▸ Available data
########################################
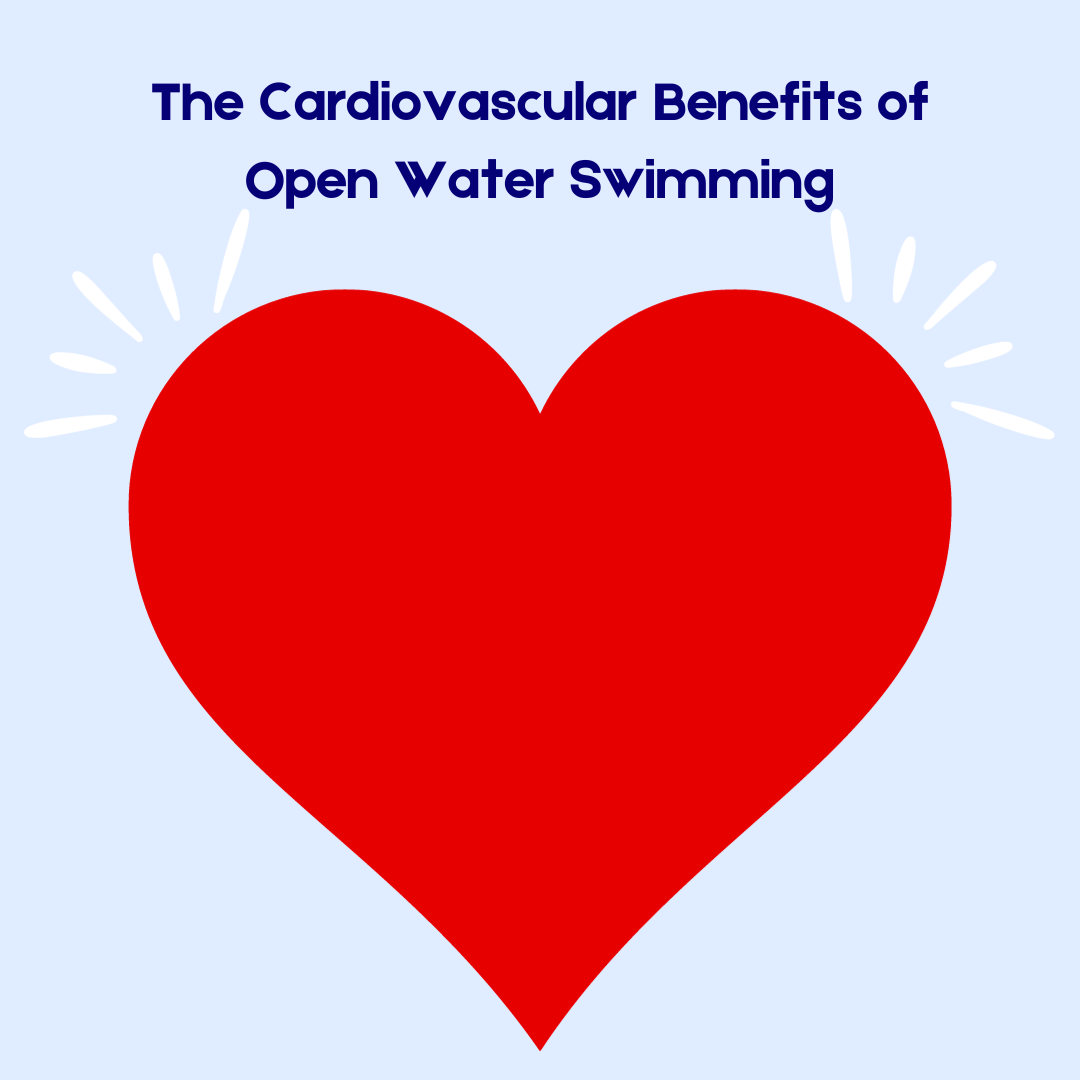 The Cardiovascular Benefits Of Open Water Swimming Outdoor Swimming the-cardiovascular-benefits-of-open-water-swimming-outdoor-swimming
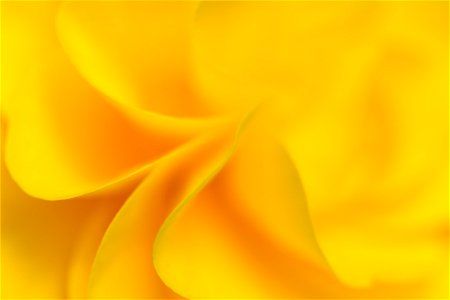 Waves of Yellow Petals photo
########################################
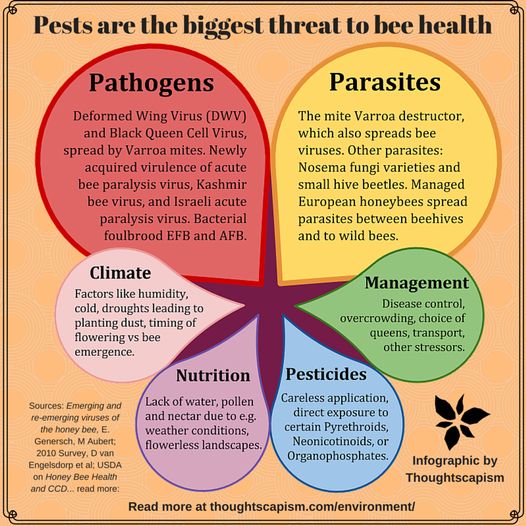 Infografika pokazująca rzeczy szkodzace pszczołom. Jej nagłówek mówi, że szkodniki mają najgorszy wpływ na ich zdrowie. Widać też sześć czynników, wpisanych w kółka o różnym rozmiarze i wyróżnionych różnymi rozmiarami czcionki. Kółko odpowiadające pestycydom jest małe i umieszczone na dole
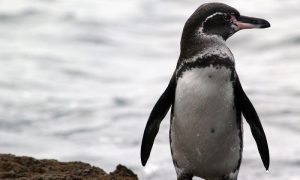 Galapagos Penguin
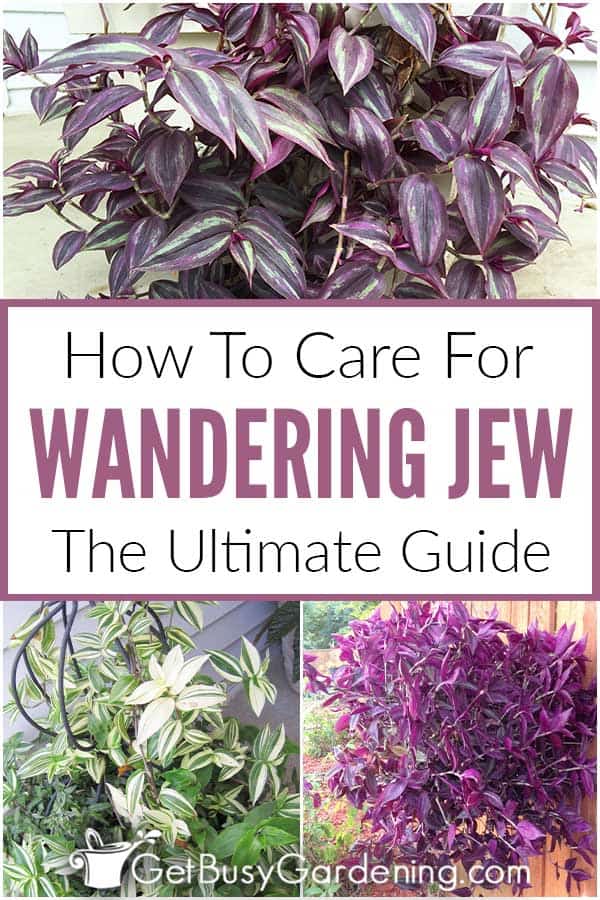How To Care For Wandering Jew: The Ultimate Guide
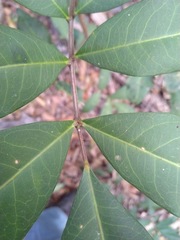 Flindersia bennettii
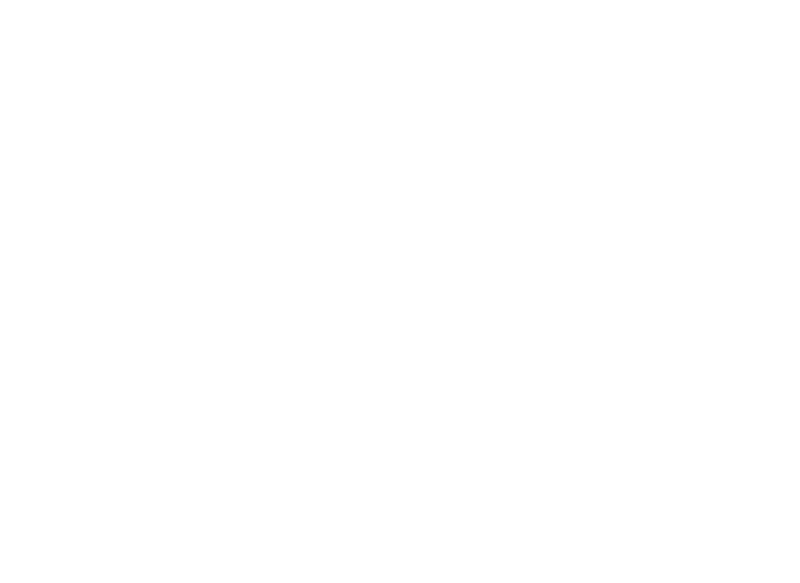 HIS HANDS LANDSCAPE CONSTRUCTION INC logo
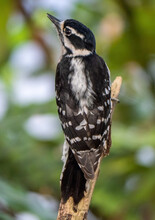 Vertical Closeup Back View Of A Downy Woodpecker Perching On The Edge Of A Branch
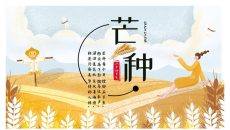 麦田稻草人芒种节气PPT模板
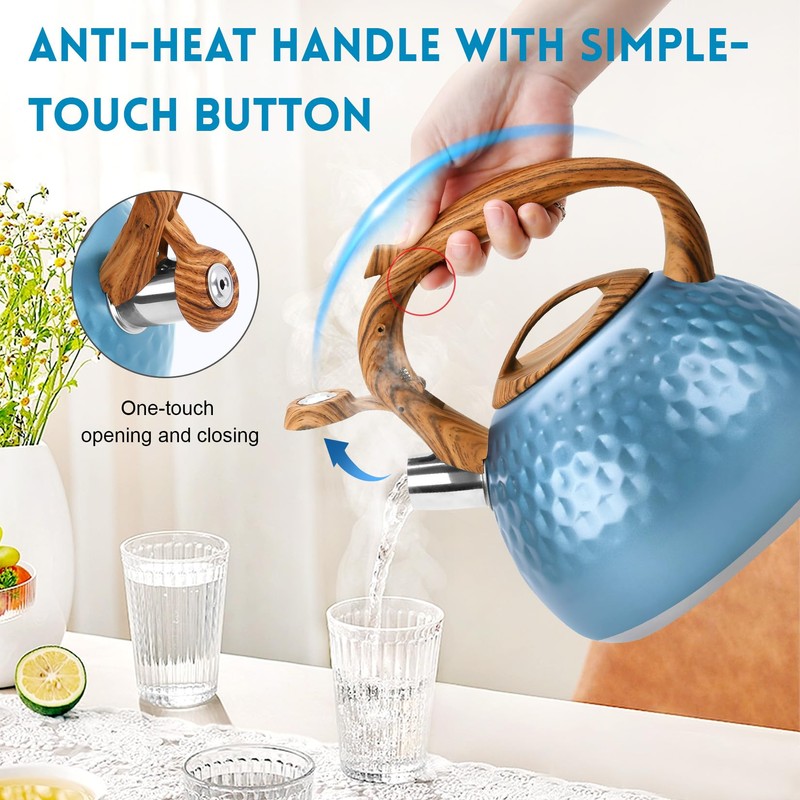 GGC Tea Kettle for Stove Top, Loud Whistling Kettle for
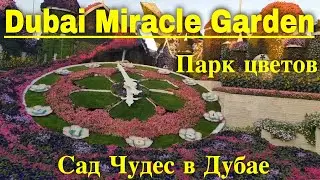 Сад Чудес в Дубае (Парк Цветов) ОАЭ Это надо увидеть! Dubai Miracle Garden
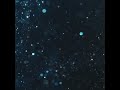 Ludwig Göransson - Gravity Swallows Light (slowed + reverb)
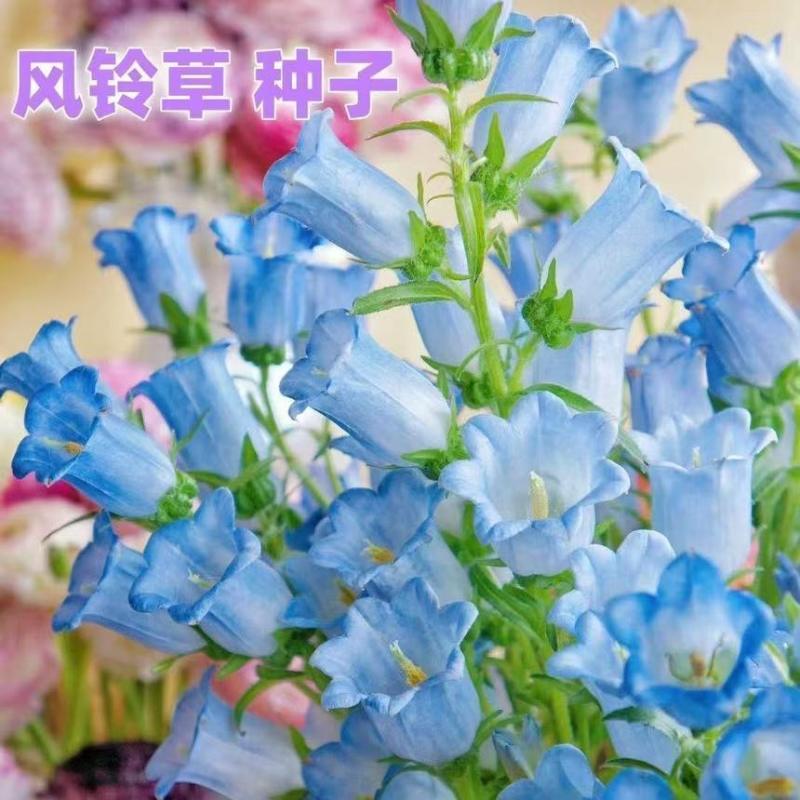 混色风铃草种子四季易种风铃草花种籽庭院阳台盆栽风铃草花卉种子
########################################
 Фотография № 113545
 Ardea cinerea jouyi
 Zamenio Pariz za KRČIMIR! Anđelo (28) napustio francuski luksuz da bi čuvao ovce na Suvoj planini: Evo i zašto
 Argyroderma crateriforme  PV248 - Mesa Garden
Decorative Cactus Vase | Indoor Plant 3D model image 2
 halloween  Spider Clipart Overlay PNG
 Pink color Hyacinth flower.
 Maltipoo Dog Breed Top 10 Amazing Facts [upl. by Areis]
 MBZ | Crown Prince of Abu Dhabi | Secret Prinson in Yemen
########################################
▸ Directions for this task
Starting at the line that contains "Decorative Cactus Vase" and stopping after the line that contains "MBZ | Crown", write out every line exactly as it appears above, and no other line.

▸ Response to this task
Decorative Cactus Vase | Indoor Plant 3D model image 2
 halloween  Spider Clipart Overlay PNG
 Pink color Hyacinth flower.
 Maltipoo Dog Breed Top 10 Amazing Facts [upl. by Areis]
 MBZ | Crown Prince of Abu Dhabi | Secret Prinson in Yemen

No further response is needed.